As part of our Blended Family Friday series, each week we spotlight a different stepfamily to learn how they’ve worked to bring their two families together. Our hope is that by telling their stories, we’ll bring you closer to blended family bliss in your own life! Want to share your family’s story? Email us at firstname.lastname@example.org.
Lynda Coto has been married to her second husband Danny for eight years. In that time, the couple and their four children have endured their fair share of challenges, from struggling to get used to being a stepfamily to health problems. Through it all, Lynda says they’ve tried their best to keep a positive attitude.
“Life is going to happen,” she told The Huffington Post. “You have to try to be OK with the fact that things aren’t always going to flow smoothly.”
Below, Lynda tells us how the challenges have made her family stronger.
Hi Lynda! Please introduce us to your family. How long have you and your husband been together?
There are six of us in total. I have two girls: Paige (23) and Shelby (18). Danny has one son, Reily (16) We have one child together. Her name is Emma and she is 2!
How long have you and Danny been a couple?
Danny and I both actually grew up in New Orleans. Although we had mutual childhood friends and frequented the same places, we didn’t meet until years later in Tampa, Florida. We dated for four years before getting married and are celebrating our eighth wedding anniversary this year.
What’s the best thing about being part of a blended family?
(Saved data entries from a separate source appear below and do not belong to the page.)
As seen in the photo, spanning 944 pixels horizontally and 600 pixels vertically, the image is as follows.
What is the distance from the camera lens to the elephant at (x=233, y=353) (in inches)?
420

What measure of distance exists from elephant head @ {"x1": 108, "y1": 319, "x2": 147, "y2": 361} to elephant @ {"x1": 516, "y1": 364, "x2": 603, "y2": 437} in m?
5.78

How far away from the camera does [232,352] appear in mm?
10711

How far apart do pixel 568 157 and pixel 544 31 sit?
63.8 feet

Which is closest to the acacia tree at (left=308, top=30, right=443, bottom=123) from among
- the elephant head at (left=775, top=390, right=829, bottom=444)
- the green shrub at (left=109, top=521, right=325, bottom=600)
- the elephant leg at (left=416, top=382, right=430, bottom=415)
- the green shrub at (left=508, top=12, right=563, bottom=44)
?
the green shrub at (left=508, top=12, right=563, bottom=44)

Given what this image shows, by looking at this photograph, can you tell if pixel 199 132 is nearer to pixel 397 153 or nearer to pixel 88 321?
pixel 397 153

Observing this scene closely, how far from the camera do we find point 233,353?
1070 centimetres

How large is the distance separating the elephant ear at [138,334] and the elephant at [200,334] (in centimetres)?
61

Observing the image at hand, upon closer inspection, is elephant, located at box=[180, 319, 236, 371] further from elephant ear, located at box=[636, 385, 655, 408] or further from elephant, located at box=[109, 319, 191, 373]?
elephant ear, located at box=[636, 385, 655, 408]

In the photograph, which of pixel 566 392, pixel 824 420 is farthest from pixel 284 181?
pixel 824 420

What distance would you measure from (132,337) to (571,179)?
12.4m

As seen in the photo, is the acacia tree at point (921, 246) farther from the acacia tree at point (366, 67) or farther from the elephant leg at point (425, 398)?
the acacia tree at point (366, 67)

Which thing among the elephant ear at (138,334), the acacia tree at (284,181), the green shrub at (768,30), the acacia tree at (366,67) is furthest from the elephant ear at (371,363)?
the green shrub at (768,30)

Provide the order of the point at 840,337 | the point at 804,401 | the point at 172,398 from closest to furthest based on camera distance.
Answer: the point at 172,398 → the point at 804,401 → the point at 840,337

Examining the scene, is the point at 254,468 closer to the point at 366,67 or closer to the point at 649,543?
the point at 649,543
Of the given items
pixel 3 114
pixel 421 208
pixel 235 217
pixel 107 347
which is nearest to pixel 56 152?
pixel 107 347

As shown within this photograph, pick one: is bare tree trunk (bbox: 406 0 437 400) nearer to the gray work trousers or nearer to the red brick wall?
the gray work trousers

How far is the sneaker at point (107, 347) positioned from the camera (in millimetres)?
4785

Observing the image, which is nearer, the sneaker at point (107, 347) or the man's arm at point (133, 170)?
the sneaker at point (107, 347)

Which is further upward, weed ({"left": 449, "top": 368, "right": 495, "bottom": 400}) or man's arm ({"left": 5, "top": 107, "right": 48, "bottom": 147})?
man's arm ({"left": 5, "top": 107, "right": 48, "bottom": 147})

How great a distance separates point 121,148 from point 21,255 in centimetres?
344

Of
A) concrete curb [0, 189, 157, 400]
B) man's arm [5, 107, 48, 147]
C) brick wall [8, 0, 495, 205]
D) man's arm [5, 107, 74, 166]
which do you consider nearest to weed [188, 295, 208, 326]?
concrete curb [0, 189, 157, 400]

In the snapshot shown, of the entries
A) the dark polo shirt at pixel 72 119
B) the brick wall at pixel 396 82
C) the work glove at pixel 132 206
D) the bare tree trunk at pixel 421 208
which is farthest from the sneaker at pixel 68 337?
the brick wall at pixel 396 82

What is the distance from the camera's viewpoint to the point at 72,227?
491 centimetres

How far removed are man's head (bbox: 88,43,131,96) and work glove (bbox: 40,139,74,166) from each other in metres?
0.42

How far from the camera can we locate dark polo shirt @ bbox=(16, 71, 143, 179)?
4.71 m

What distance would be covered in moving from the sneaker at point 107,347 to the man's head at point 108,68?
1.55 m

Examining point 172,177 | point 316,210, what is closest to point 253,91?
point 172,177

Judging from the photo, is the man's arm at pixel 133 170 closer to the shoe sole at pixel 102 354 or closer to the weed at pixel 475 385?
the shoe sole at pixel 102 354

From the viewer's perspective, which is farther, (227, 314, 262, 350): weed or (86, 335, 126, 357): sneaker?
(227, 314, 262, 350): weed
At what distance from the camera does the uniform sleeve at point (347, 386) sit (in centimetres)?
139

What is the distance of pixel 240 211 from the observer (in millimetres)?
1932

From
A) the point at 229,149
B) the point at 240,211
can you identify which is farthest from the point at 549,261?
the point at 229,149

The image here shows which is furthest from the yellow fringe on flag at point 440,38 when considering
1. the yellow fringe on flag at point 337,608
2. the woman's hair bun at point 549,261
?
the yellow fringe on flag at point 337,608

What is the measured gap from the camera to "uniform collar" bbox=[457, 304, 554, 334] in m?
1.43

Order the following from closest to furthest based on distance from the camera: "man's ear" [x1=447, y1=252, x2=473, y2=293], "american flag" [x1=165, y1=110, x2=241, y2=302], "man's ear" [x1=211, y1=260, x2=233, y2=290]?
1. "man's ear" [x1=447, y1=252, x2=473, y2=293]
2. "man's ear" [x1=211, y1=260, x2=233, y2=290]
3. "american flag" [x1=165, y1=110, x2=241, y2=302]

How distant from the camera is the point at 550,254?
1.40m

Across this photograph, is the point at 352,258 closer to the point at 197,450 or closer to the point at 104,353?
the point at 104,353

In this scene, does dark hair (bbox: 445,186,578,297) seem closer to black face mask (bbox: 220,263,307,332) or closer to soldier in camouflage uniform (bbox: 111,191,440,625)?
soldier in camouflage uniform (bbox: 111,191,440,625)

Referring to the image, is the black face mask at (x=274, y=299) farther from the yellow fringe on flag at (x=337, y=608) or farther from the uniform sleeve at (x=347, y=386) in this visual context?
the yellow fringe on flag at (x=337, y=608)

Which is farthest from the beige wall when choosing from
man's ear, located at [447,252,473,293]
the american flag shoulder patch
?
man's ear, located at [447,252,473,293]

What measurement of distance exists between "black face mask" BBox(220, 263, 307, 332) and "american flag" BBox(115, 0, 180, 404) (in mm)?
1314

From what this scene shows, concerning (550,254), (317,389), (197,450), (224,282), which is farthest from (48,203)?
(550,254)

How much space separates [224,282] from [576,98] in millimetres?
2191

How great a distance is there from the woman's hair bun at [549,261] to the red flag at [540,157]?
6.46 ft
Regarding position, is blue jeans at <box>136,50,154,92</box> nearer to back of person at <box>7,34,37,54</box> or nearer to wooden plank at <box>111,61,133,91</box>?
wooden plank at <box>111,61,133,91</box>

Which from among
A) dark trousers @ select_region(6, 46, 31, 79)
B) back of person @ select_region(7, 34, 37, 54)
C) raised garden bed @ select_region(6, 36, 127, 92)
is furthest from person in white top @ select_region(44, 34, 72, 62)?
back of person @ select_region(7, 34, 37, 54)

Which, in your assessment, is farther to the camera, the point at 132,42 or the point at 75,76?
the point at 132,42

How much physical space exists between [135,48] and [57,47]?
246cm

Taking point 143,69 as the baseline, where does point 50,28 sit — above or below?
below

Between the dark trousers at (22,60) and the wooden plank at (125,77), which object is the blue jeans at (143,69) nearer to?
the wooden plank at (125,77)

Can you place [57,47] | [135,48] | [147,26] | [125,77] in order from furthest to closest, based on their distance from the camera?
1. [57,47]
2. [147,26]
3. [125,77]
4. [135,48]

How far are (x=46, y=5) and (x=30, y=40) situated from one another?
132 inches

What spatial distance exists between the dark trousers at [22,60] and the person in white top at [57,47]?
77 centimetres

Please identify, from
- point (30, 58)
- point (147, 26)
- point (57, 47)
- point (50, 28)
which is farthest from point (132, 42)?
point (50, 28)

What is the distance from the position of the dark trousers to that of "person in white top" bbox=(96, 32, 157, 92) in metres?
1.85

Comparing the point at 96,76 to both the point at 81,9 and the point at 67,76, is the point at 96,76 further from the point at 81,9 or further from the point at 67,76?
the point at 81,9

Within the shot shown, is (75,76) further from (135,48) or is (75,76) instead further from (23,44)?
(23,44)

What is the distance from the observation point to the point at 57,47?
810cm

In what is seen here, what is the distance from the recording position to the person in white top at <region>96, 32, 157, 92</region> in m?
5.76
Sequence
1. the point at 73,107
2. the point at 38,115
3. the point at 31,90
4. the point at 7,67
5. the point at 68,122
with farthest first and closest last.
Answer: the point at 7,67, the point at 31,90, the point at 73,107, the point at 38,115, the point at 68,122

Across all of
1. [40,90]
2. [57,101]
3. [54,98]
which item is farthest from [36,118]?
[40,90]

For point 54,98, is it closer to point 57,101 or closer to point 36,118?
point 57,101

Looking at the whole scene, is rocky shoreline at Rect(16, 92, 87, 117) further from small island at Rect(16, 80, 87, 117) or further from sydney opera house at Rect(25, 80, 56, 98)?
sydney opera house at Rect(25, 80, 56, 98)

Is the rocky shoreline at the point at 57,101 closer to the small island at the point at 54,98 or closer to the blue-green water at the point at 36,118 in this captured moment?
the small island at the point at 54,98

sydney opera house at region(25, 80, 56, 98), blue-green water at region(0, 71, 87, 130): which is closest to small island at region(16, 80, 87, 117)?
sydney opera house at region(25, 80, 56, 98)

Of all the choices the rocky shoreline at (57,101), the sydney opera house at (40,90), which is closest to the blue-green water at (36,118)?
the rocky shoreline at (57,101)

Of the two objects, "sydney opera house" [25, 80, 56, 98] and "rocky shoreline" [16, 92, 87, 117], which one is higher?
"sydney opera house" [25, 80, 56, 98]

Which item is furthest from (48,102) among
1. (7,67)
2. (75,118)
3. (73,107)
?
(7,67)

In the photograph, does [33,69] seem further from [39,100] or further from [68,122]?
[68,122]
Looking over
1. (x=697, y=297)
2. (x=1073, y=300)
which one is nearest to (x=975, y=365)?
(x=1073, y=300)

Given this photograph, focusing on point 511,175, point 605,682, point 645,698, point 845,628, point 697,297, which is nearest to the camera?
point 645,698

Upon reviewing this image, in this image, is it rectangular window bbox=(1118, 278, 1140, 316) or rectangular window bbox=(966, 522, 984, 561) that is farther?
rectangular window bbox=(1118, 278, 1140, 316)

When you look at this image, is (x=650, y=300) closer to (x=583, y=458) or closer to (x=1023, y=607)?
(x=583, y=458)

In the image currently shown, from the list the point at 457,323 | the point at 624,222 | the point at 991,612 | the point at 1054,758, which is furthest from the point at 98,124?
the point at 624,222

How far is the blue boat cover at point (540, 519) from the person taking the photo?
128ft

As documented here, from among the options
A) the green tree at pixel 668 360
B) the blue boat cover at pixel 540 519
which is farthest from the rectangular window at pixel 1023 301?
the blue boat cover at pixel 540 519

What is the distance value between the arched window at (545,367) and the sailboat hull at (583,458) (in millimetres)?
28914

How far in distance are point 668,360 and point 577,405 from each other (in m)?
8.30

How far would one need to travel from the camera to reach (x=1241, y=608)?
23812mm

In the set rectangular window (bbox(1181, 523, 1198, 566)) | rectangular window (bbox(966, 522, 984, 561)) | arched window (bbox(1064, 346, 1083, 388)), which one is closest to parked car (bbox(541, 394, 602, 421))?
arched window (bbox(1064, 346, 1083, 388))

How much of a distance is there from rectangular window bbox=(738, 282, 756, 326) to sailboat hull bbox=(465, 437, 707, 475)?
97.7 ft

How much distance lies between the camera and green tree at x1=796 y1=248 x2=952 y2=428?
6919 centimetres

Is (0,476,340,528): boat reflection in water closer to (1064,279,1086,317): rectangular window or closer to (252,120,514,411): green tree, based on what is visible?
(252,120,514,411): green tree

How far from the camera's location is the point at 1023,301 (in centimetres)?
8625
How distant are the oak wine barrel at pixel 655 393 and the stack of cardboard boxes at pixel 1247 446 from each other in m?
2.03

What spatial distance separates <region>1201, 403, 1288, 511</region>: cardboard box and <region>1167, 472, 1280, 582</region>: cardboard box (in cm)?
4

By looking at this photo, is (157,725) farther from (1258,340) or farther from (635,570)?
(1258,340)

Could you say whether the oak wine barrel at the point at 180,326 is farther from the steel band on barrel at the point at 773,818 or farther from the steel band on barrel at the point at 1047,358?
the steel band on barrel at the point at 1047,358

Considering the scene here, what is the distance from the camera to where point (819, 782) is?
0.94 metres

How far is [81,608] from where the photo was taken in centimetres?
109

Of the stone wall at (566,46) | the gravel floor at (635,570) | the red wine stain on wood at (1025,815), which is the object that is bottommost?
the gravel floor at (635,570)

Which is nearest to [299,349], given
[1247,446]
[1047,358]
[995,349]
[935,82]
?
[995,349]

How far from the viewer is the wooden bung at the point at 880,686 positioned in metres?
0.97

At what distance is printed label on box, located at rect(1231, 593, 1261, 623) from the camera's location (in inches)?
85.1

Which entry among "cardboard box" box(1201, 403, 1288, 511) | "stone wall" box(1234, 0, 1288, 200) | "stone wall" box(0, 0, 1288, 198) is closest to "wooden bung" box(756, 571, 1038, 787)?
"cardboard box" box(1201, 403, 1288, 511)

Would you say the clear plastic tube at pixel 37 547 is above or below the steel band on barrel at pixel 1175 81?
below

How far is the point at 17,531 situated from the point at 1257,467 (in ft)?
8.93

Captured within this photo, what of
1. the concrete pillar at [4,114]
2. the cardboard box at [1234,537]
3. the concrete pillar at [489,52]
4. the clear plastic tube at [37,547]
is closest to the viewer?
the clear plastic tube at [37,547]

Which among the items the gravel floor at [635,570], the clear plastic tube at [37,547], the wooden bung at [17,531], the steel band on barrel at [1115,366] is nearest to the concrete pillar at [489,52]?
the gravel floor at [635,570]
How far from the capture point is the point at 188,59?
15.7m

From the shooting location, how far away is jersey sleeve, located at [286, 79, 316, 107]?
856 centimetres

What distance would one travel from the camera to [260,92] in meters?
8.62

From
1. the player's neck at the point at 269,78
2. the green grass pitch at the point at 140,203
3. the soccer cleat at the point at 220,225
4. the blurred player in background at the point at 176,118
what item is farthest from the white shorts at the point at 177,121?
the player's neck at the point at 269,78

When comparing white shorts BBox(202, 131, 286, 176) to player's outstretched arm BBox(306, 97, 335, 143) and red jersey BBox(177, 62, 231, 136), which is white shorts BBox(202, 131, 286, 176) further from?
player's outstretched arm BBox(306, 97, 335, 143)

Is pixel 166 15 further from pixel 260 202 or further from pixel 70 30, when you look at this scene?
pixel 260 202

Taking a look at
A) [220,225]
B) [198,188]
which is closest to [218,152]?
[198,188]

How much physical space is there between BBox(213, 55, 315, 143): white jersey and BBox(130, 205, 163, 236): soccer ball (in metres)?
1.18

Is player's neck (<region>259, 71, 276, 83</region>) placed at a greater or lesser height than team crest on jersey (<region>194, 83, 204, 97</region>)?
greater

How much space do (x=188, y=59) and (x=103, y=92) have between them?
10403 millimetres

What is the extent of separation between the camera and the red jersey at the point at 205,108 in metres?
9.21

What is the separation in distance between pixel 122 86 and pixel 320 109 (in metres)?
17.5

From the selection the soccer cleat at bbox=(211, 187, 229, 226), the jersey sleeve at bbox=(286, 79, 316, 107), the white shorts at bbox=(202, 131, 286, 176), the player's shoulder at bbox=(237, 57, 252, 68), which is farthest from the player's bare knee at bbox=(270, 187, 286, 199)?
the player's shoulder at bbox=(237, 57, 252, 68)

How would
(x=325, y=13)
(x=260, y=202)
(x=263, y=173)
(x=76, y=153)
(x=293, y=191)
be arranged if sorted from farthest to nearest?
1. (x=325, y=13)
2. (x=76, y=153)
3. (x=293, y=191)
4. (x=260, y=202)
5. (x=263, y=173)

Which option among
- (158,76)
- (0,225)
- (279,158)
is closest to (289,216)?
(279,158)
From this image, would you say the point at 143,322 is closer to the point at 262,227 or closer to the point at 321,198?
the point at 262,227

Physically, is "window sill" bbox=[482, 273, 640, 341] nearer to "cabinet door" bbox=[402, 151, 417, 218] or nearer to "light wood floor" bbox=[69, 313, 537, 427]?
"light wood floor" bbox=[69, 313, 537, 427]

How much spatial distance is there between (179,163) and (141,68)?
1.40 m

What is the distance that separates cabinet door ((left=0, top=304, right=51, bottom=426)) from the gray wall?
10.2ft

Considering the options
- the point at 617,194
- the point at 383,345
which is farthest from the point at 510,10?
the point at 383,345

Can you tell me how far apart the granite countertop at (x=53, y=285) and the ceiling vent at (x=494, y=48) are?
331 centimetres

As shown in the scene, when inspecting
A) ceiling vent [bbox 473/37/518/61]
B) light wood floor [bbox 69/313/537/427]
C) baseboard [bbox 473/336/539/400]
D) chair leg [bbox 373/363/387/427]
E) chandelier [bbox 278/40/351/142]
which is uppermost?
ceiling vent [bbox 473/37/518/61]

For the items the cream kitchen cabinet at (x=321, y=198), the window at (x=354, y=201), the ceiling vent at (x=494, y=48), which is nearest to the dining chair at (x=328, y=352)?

We aren’t a blended family, we’re a team and most importantly, we’re friends. When we are together we have a lot of fun. I can say that Danny and I truly enjoy watching our unique family grow and evolve. I’ve gained a son, whom I love with all my heart and Danny has gained daughters who keep him in line and on his toes!
What have been some challenges of blended family life? How’d you address the issue?
Through the years, we’ve frequently had to remind the kids that they have a right to have a loving relationship with all their parents. Taking this approach allows the children to move forward in peace. We tried to take on a more supportive role for our children and each other. In doing this, our relationships grew as well as our trust for each other. We’ve learned great lessons and are in a much better place now.
What makes you proudest of your family?
Our outlook. We truly appreciate the good times because of our toughest moments. We’ve pull through a lot! The kids had a very hard time accepting that our family was growing. Then tragedy struck, immediately after Emma’s birth. She suffered a stroke, and required extensive hospitalization and surgery. Our family experienced a significant amount of stress. With a little time, patience and healthy boundaries set in place, we are much stronger now. We truly support each other and are excellent at helping one another through tough times. Our family is committed to learning from our mistakes and have always maintained our compassion for one another.
What advice do you have for other blended families who feel like a peaceful family dynamic is out of reach?
Some suggest being conscious of boundaries with step-children, others say be their best friends, and still others recommend fully taking on the parental role. I say be yourself and break the rules. Step up to the plate — offer to your stepchild what he or she needs from you at any given moment. If they need a friend, be a friend. If they need the support that would normally be offered by a parent and you’re the one around, provide that support. Allow yourself and your children to make mistakes without being judgmental. Look at your family’s imperfections as lessons, rather than failures. Rather than have expectations, look for the opportunities in moments of struggle. It’s in those difficult imperfect moments that the most beautiful and unbreakable bonds are formed. Most importantly, remember if we can make it work, you can too.